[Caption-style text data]
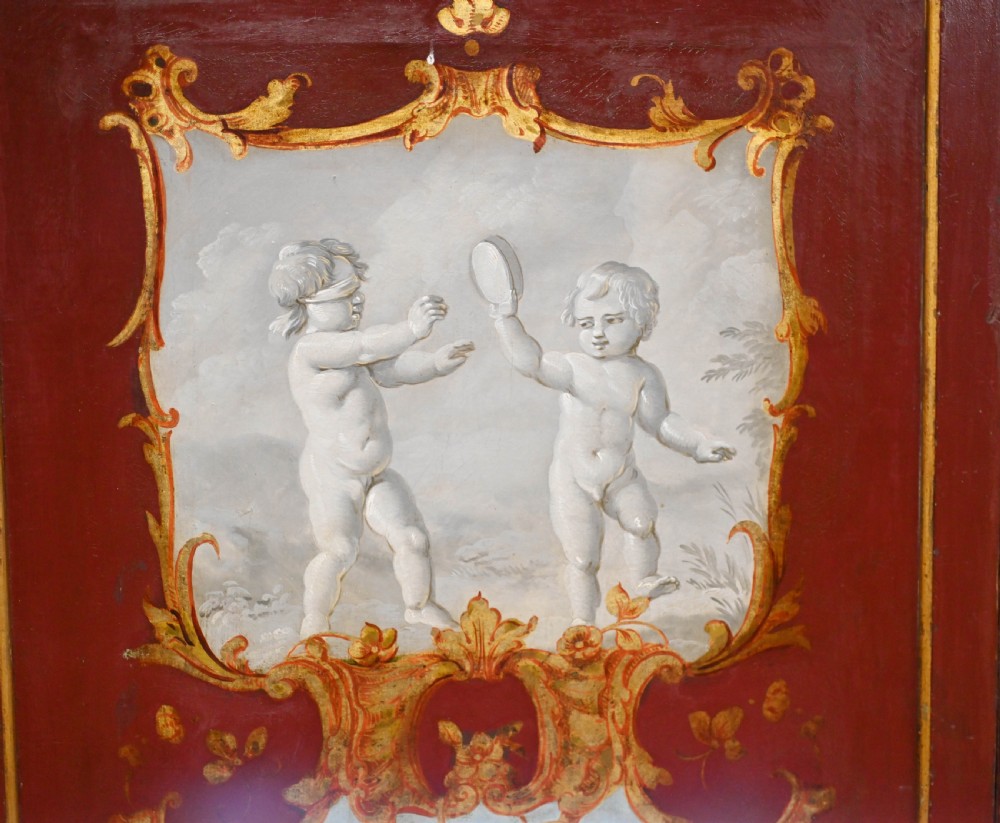A red six-panel folding screen painted with classical figures, cherubs, and urns within gilded scrollwork borders. View VI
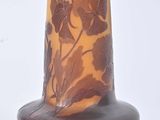 a vase that has a brown and yellow design on it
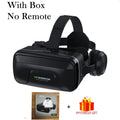Black VR headset with adjustable head straps and built-in headphones, shown with its retail box and a gift box.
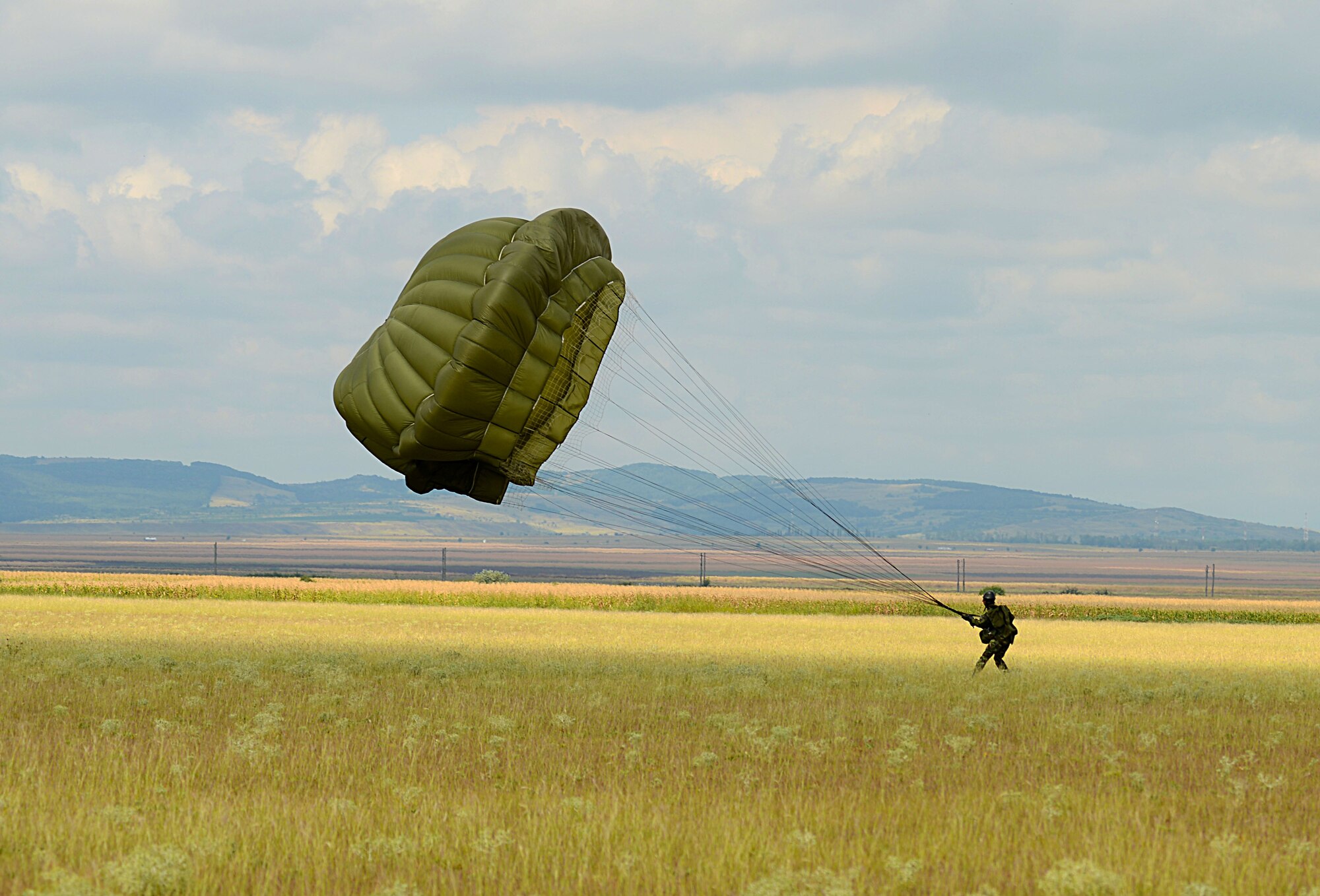 A Romanian paratrooper recovers his parachute after jumping from a U.S. Air Force C-130J Super Hercules Aug. 18, 2015, at Boboc Air Base, Romania. For two weeks, U.S. and Romanian forces trained alongside each other to get a better working knowledge of each other conduct airborne operations. (U.S. Air Force photo/Senior Airman Timothy Moore)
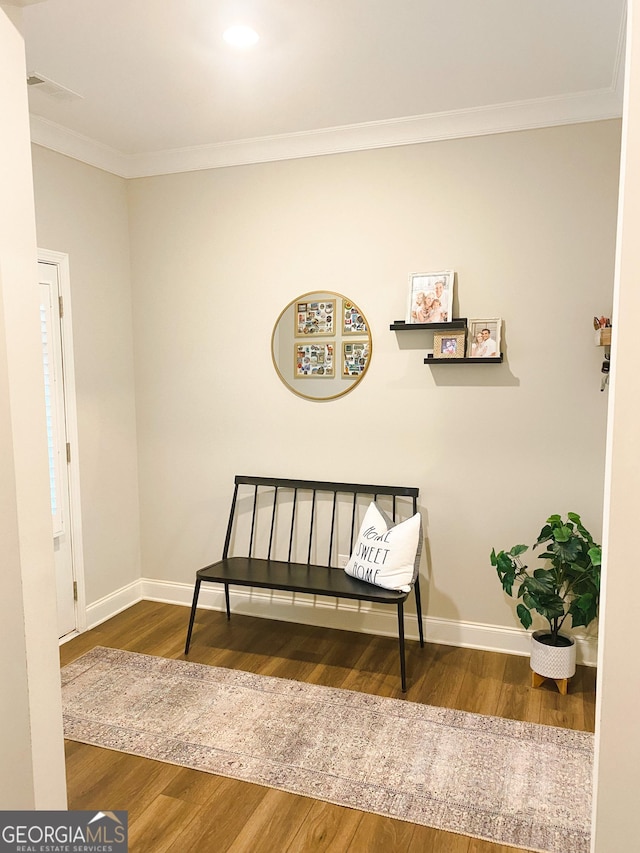 5745 Pickens Garden Ln, Powder Springs, GA 30127 - living area with ornamental molding, wood finished floors, and recessed lighting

EXERCISE AIM:
Give back each of the records above word for word, apart from the pictures.

ANSWER SECTION:
A red six-panel folding screen painted with classical figures, cherubs, and urns within gilded scrollwork borders. View VI
 a vase that has a brown and yellow design on it
Black VR headset with adjustable head straps and built-in headphones, shown with its retail box and a gift box.
 A Romanian paratrooper recovers his parachute after jumping from a U.S. Air Force C-130J Super Hercules Aug. 18, 2015, at Boboc Air Base, Romania. For two weeks, U.S. and Romanian forces trained alongside each other to get a better working knowledge of each other conduct airborne operations. (U.S. Air Force photo/Senior Airman Timothy Moore)
 5745 Pickens Garden Ln, Powder Springs, GA 30127 - living area with ornamental molding, wood finished floors, and recessed lighting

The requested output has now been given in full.